• [Task directions]: What needs reproducing is the run of lines in the data below starting at the line with "Shjill Varghese, Design" and ending at the line with "Mädchen im Kindersitz", both ends included. Copy it exactly, without pictures, and add nothing.

• [Data provided]:
####

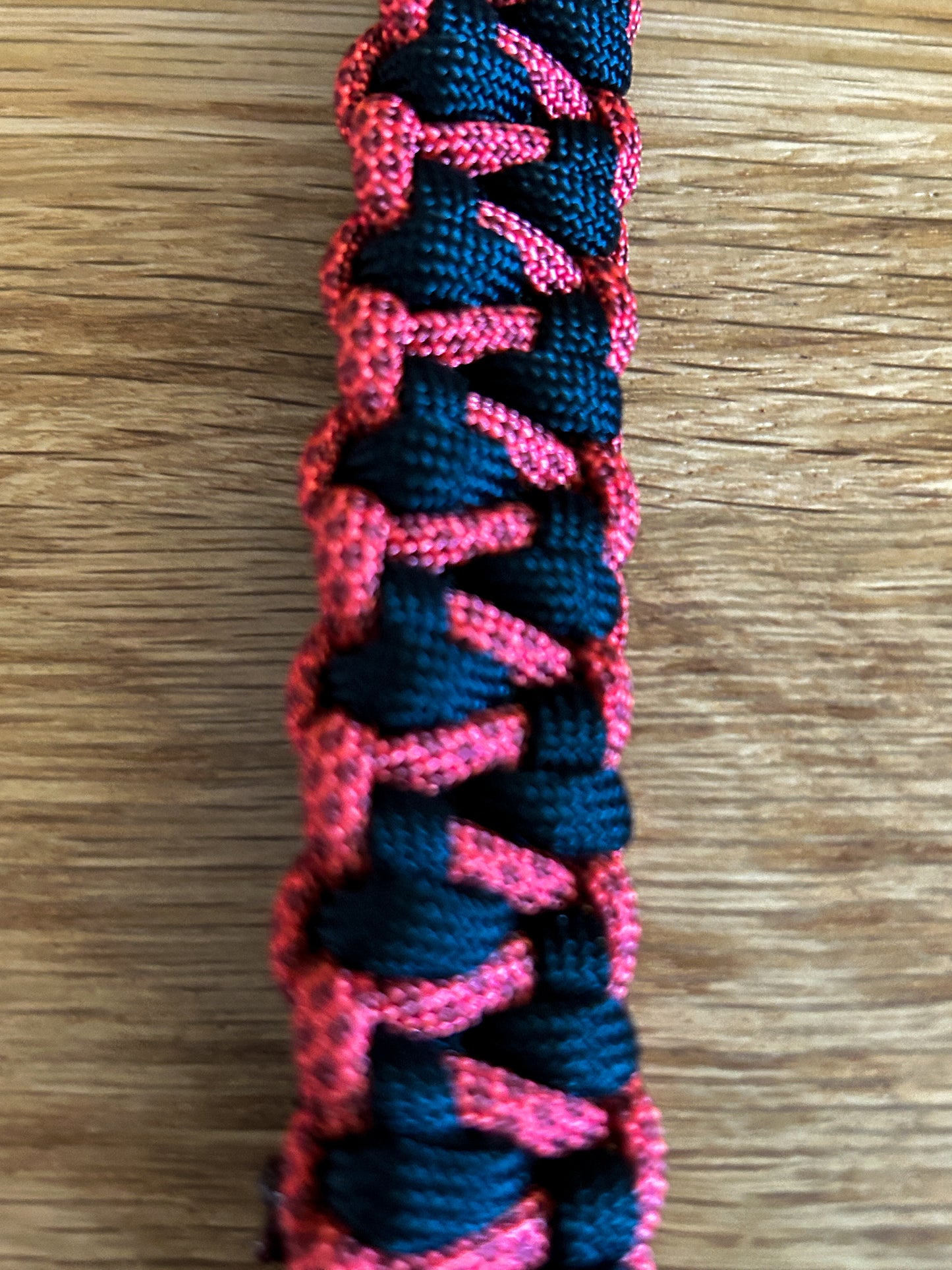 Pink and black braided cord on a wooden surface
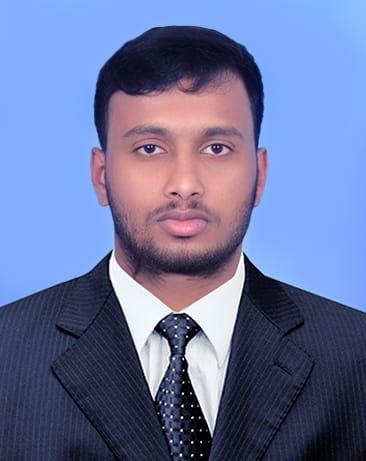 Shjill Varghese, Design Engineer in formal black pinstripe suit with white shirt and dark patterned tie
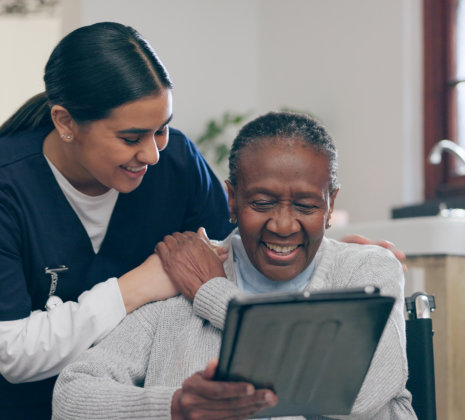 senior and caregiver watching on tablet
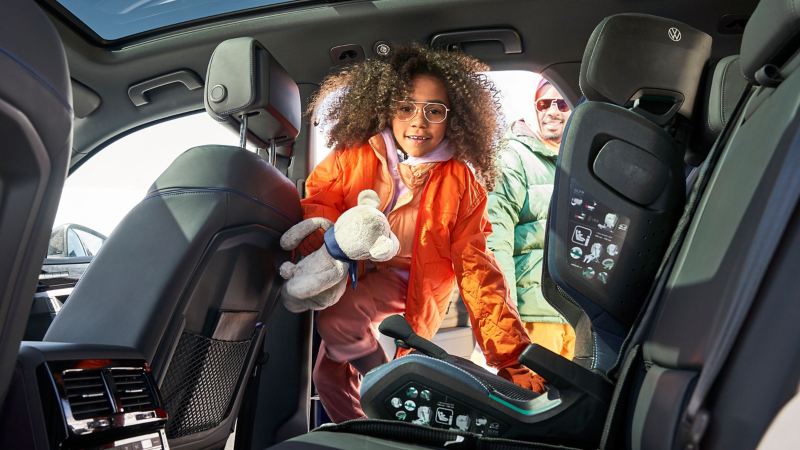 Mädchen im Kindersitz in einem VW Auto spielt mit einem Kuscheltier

####

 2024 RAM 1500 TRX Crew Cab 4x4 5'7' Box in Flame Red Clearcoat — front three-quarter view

####

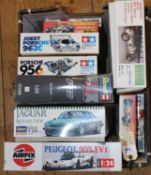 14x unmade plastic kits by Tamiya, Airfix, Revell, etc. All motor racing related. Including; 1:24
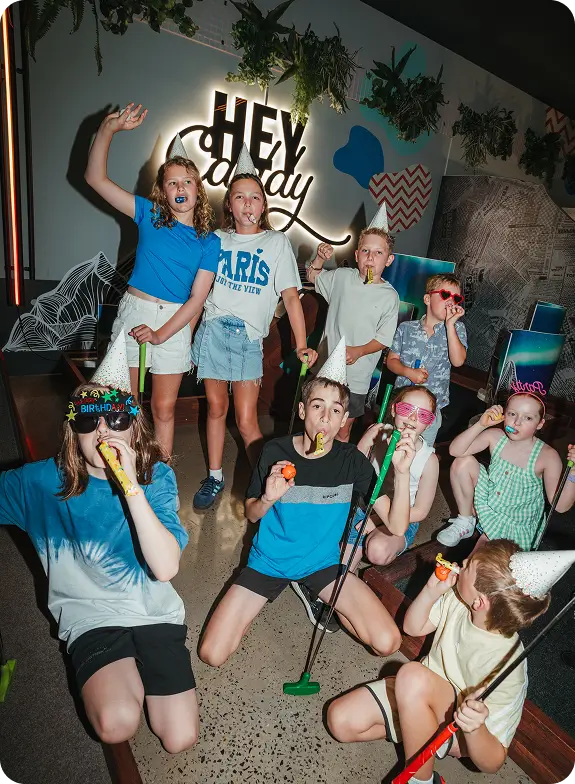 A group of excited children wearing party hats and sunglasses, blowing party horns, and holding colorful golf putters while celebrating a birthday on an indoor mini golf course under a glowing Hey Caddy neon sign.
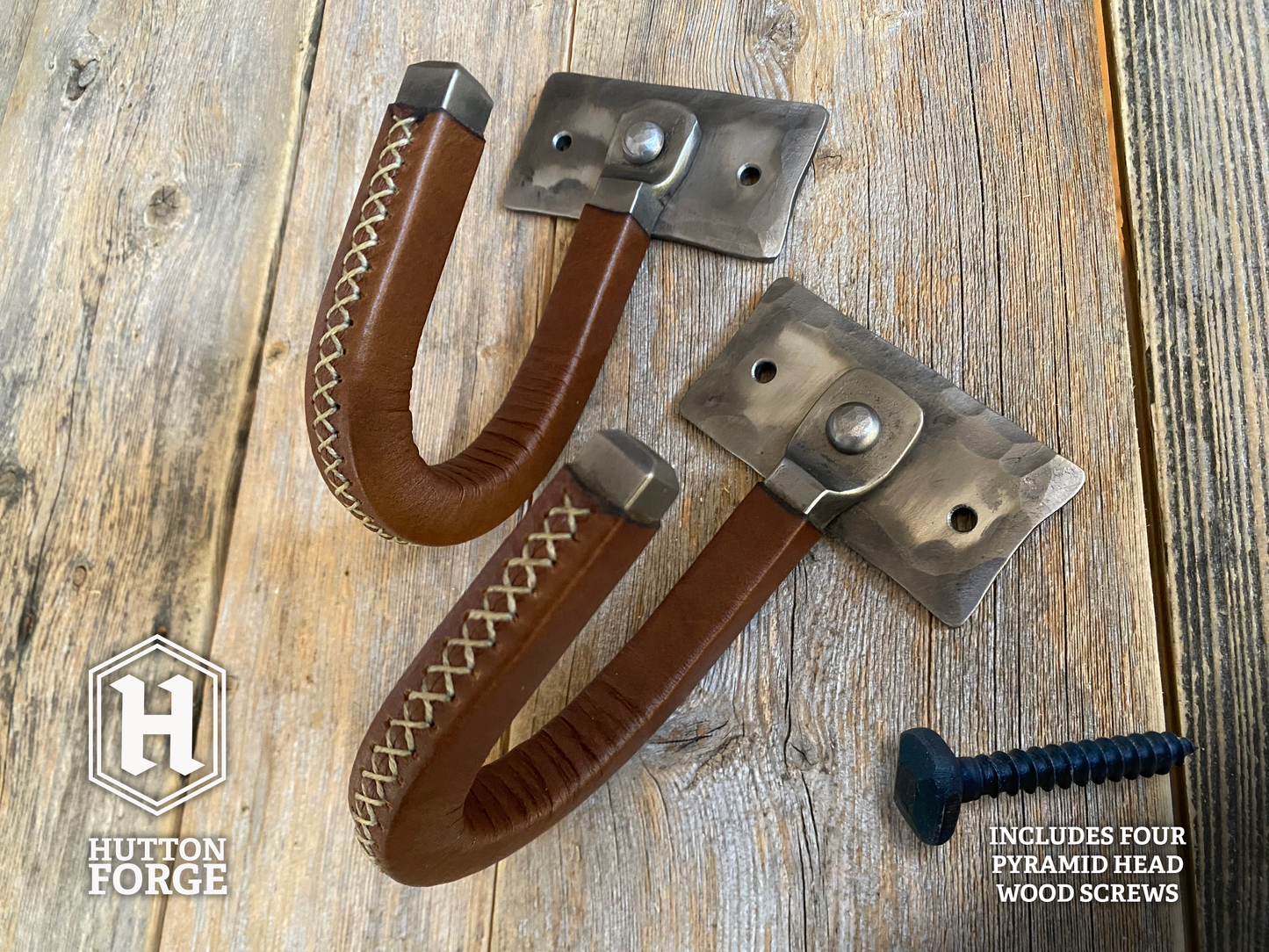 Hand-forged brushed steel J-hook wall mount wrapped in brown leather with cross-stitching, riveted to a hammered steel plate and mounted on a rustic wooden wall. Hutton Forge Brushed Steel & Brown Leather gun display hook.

####

• [Answer to this exercise]:
 Shjill Varghese, Design Engineer in formal black pinstripe suit with white shirt and dark patterned tie
 senior and caregiver watching on tablet
 Mädchen im Kindersitz in einem VW Auto spielt mit einem Kuscheltier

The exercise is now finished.